What is expected:
Give the entries back exactly as they stand, but without pictures.
+++ Records to use
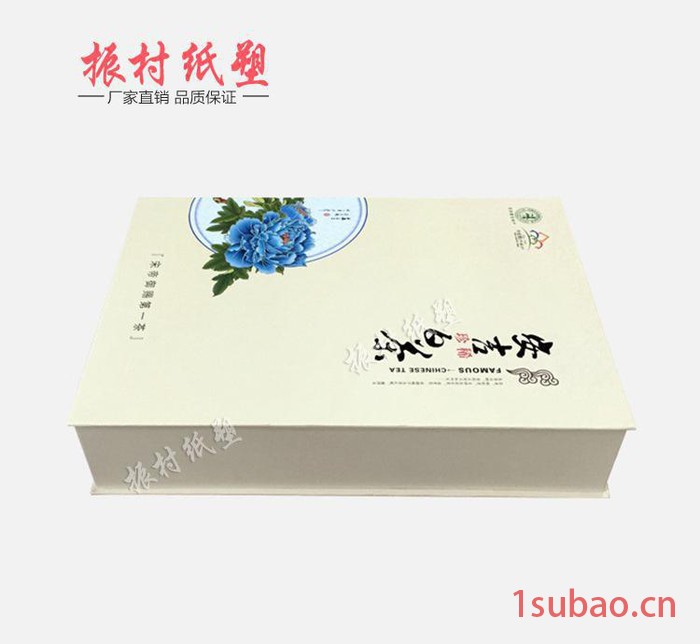 定制 茶叶包装礼盒 白茶半斤装 五合一礼品包装盒 提供设计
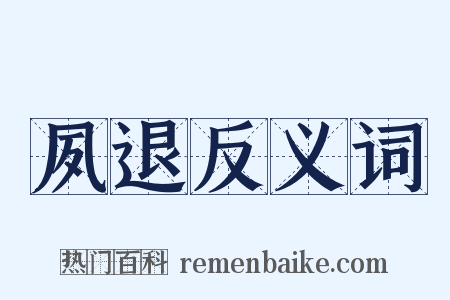夙退反义词是什么意思的图片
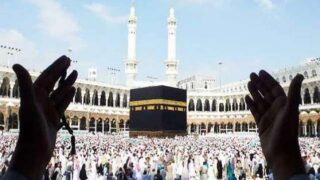 Hajj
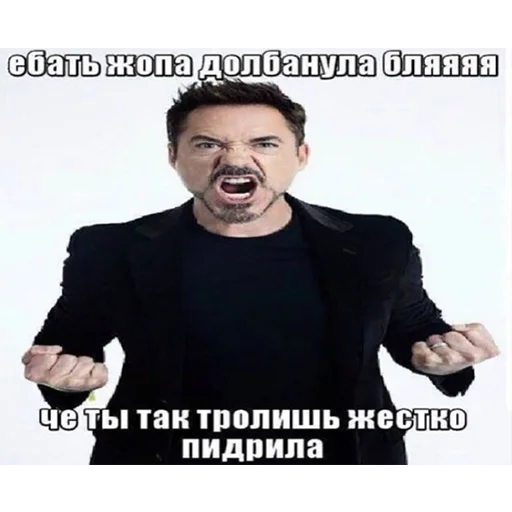 🤬 Стикер «Овощное рагу» для Telegram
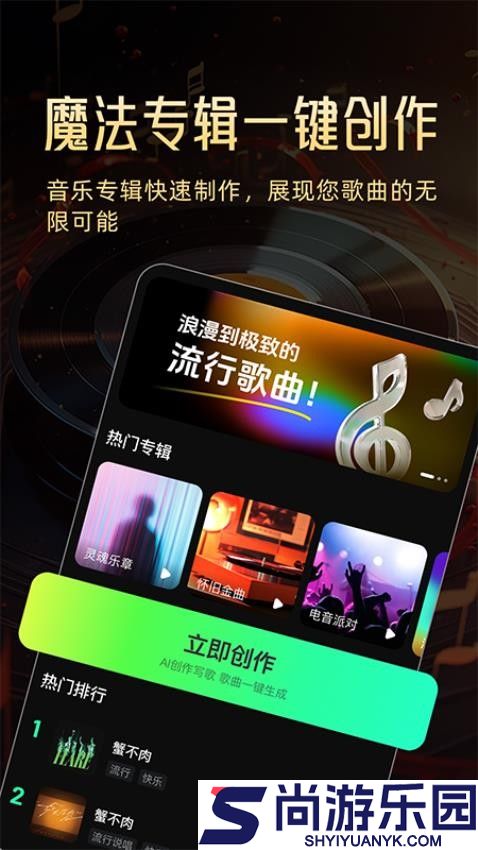 AI一键成歌APP下载
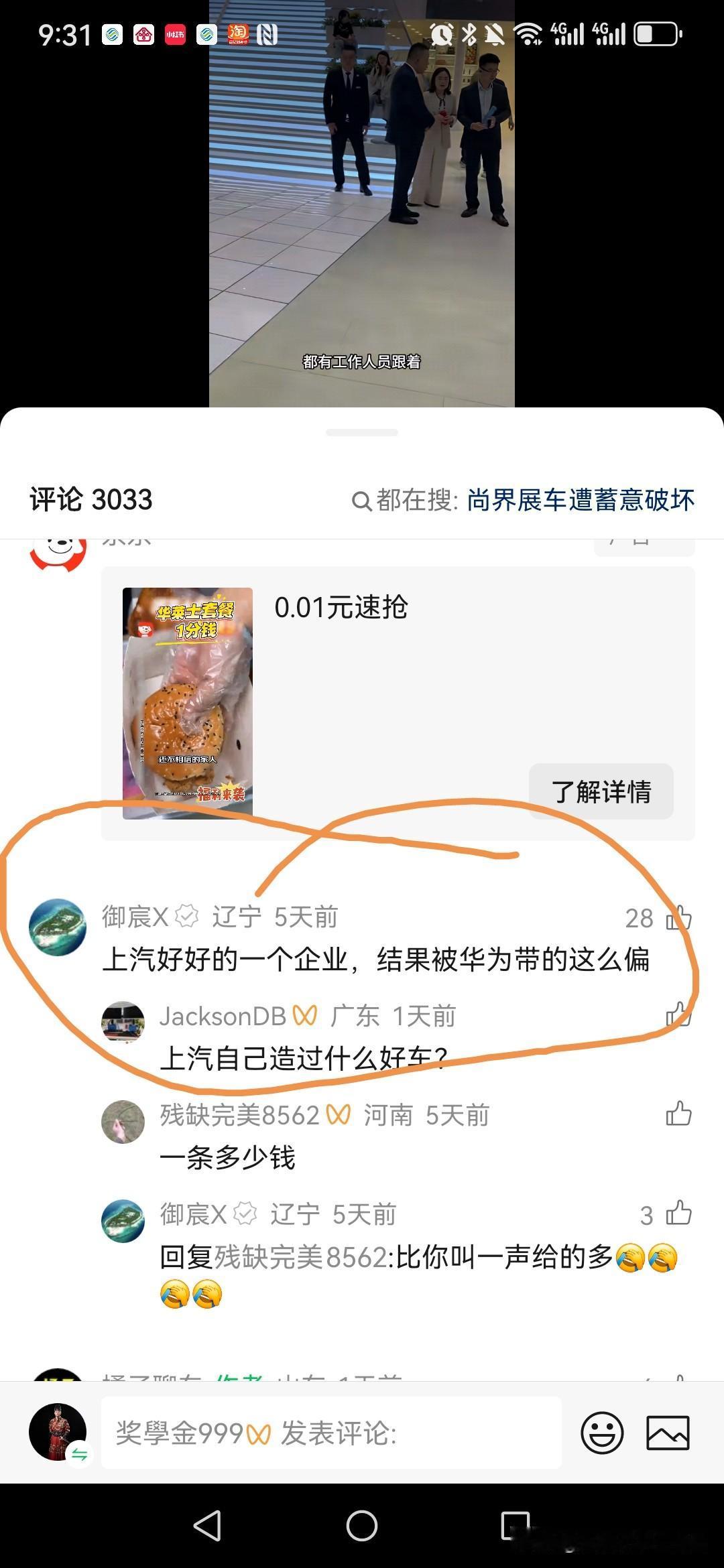 上汽本是一家好好的企业，却被华为带偏了方向。瞧瞧那些黑子，换个角度接着黑，真是无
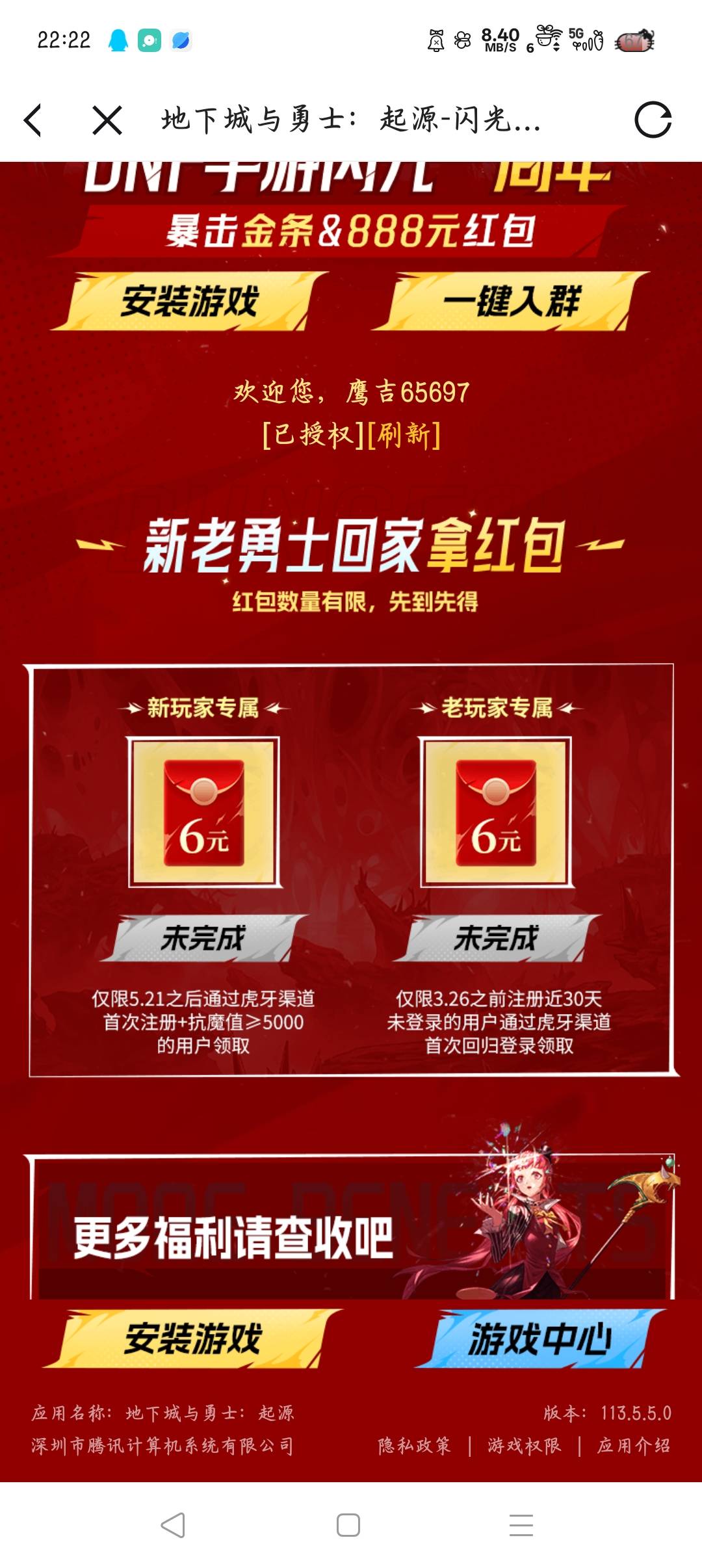 这个云游登陆不行是吧

95 / 作者:沈兰舟备用 / 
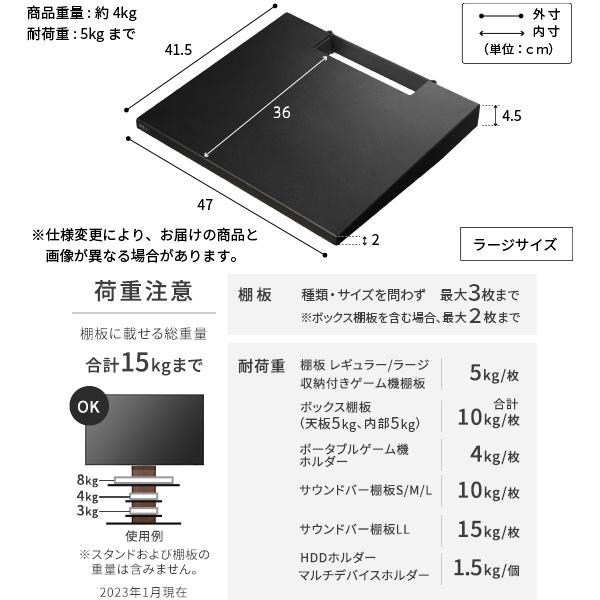 WALLインテリアテレビスタンドV3 SW ハイタイプ+棚板ラージサイズ 2点セット 32〜80v対応 壁寄せテレビ台 TVスタンド[11]_18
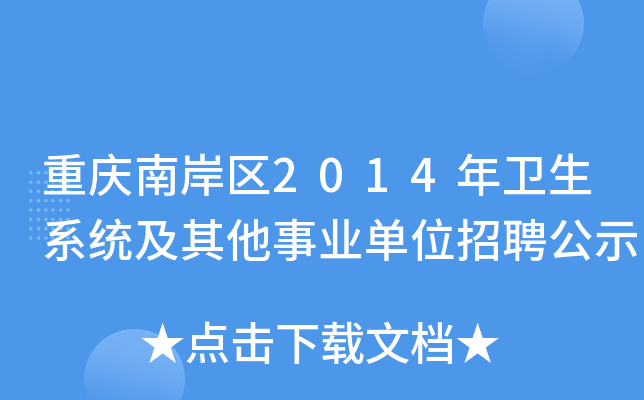 重庆南岸区2014年卫生系统及其他事业单位招聘公示
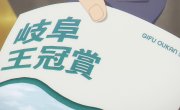 -:   / Uma Musume: Cinderella Gray - 1 , 14 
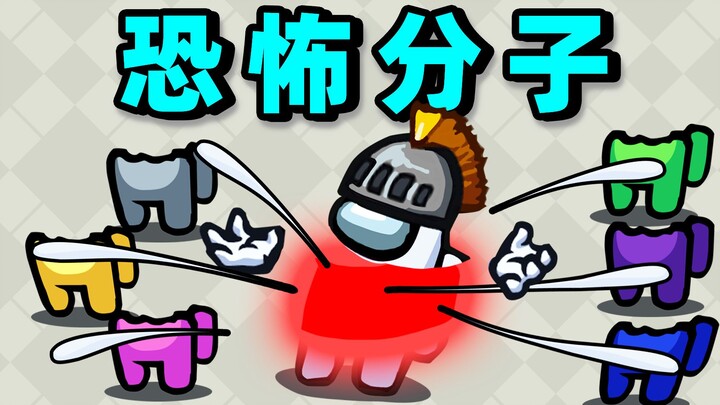 Self-Destruct Style!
++++++
Task answer:
 定制 茶叶包装礼盒 白茶半斤装 五合一礼品包装盒 提供设计
夙退反义词是什么意思的图片
 Hajj
 🤬 Стикер «Овощное рагу» для Telegram
 AI一键成歌APP下载
 上汽本是一家好好的企业，却被华为带偏了方向。瞧瞧那些黑子，换个角度接着黑，真是无
 这个云游登陆不行是吧

95 / 作者:沈兰舟备用 / 
 WALLインテリアテレビスタンドV3 SW ハイタイプ+棚板ラージサイズ 2点セット 32〜80v対応 壁寄せテレビ台 TVスタンド[11]_18
 重庆南岸区2014年卫生系统及其他事业单位招聘公示
 -:   / Uma Musume: Cinderella Gray - 1 , 14 
 Self-Destruct Style!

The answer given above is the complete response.